27th February, 2017 in Electric bike news
Temple Cycles was set up by Matt Mears just over 3 years ago, selling bicycles designed and built in the UK direct to consumers.
Mears started out by restoring vintage bikes to help pay his way through a Mechanical Engineering degree at the University Bristol. On finishing his studies, Mears moved from restoration to designing and developing his own range of bikes, combining his love of vintage aesthetics with the benefits of the more efficient components and improved materials on offer today.
In 2017, the growing young company have noted the “changing landscape of the UK economy,” the “growth in cycling” as well as the congestion on the UK’s roads and see the opportunities those factors present for companies wanting to manufacture in the UK.

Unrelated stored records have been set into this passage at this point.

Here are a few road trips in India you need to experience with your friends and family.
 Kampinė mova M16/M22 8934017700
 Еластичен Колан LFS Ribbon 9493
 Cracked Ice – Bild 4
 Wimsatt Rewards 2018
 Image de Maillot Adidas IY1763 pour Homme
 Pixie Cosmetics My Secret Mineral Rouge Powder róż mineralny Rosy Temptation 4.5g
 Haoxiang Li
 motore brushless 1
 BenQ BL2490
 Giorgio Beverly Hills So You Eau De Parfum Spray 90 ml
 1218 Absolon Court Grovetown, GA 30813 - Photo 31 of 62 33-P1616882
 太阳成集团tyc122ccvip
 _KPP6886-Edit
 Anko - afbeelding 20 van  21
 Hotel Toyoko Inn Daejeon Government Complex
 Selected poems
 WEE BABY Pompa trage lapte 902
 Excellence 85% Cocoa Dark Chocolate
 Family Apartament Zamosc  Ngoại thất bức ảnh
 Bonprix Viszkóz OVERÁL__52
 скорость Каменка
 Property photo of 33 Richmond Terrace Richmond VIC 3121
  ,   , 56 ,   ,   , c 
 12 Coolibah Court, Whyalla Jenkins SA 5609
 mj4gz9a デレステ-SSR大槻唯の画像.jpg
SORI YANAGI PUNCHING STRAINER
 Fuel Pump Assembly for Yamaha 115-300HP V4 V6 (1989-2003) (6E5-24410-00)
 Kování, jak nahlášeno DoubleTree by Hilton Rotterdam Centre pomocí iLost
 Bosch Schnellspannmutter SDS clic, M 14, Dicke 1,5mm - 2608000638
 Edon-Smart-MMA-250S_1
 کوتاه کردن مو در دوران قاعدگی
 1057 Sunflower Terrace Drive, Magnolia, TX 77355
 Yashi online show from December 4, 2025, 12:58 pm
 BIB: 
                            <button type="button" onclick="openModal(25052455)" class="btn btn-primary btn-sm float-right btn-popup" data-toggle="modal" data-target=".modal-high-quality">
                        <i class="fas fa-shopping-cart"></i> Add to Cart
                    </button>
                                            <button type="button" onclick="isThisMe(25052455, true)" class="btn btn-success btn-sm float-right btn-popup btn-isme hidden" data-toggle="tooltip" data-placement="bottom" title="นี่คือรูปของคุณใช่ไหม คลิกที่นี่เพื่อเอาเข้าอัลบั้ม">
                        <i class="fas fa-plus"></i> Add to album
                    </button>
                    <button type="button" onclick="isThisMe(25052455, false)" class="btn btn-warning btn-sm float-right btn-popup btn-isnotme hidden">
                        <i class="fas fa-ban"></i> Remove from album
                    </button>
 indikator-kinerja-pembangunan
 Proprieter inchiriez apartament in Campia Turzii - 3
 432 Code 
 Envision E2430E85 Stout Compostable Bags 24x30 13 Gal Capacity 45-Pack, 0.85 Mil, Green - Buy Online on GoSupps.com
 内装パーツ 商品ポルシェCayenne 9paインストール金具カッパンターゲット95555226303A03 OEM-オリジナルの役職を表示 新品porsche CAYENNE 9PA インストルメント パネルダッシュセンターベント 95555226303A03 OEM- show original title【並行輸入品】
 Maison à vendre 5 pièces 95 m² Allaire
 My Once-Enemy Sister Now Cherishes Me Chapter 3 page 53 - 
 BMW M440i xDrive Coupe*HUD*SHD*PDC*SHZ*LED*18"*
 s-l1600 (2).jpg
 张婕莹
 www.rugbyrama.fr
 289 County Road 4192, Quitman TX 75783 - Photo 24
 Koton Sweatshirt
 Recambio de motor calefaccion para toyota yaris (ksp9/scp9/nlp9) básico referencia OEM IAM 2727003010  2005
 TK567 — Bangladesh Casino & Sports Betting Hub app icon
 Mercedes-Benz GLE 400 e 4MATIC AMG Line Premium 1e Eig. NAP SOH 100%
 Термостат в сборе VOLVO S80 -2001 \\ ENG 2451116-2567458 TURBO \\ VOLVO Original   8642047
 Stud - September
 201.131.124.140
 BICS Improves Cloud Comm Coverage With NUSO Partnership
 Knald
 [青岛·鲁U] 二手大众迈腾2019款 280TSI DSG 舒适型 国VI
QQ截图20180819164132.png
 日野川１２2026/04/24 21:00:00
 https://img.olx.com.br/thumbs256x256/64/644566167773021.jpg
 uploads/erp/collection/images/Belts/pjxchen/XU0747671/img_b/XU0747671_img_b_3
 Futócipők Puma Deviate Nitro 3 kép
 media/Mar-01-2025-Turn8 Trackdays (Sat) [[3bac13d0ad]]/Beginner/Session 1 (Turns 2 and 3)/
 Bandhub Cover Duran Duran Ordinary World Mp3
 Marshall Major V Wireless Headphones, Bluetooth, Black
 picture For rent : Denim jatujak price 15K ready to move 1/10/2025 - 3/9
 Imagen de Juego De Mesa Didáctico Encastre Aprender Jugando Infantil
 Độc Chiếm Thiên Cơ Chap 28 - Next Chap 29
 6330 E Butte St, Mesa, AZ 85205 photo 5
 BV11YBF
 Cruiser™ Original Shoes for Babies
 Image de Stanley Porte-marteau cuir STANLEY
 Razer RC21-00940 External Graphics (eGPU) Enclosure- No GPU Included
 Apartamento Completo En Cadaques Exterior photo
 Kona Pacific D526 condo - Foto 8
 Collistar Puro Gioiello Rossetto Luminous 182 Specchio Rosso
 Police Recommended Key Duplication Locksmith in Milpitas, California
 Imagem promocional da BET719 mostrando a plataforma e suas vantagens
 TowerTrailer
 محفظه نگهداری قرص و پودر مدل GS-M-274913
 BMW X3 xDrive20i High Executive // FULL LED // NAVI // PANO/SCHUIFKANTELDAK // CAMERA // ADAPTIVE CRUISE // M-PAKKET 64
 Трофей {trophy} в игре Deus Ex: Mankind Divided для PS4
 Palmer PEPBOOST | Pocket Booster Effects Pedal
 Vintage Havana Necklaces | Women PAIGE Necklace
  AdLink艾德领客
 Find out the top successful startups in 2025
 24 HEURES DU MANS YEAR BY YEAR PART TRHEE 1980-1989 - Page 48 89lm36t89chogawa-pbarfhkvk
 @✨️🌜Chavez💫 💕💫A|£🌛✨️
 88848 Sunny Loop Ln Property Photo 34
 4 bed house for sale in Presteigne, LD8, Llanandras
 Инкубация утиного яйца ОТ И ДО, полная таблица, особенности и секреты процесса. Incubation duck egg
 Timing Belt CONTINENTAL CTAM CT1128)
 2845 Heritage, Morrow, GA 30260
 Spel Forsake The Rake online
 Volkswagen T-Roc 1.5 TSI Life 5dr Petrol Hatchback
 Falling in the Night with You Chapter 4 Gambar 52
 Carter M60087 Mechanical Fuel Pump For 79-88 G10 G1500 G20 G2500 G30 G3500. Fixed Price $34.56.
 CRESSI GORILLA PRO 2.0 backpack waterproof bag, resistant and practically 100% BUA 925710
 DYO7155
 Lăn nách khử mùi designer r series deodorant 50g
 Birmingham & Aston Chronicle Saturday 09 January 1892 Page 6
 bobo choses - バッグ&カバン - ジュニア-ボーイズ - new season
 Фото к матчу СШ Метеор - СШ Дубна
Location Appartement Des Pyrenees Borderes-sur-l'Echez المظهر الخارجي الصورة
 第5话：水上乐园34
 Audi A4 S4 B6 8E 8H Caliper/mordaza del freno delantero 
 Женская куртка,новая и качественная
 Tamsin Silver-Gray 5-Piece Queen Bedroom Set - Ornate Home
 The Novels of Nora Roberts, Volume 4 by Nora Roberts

While Mears acknowledges that continuing to reinvest the company’s profits back into new stock will provide a steady but healthy growth, his sights are set higher: production of 10,000 bikes a year, changing the way the UK thinks about cycling and venturing into the e-bike manufacturing market. To that end the company have raised £199,500 from 156 investors on Exeter-based Crowdcube.
Although still a fledgling company – the company has sold over 300 bikes in total, with revenue of £125k in 2016 (118% sales growth on its previous year) – Mears’ ambition is for Temple Cycles to be part of the revolution to ‘bring back cycle manufacturing to Britain’ and also has his sights set on designing and building electric bikes in the UK next.
Alex Wilson, of Temple Cycles, told Pedelecs: “Our frames are made by a Taiwanese manufacturer as bicycle frame manufacturing in the UK is a fair way off being able to produce high quality batch frames at a cost which is affordable to the everyday consumer. This is something we want to change and we are putting a large amount of money into research into batch producing frames in the UK.
“The rest of the build process for Temple occurs in our workshop in Bristol. We want to manufacture in the UK for all the main reasons everyone else does. We want to provide employment for the people in our city and help grow the country’s economy. On a business front, we also see the UK manufacturing benefits in quality control. If there would ever be a defective part or process, we would be able to spot the problem and fix it instantly, rather than liaising with a manufacturer the other side of the world, having to send a shipping container worth of frames back and wait for ages for all of this to happen!”
Temple Cycles cite their strengths as being: “experienced, but still very young: a team with fresh ideas and a fresh approach on the UK manufacturing problem. We come from an engineering background, with specialisms in Aerospace and Mechanical Engineering and apply these engineering problem-solving approaches to the way we conduct business. The UK has such a rich history of innovation and the bike industry is experiencing an innovative overhaul with the advent of e-bikes. We want to take what we have learnt from the mechanical and aerospace engineering industries to push forward with new, revolutionary e-bike designs.”
Looking to Europe’s lead, Mears also wants to encourage more people to cycle every day in the UK: “We need to catch up with the rest of Europe and integrate cycling into our daily lives. Bikes are a great way of making short journeys, keeping active and reducing the congestion we have on the roads. Hopefully the UK as a nation will start to see bikes in the same way our European friends do: Not as a tool for performance, but a useful everyday object. This is something we try to promote here at Temple Cycles.”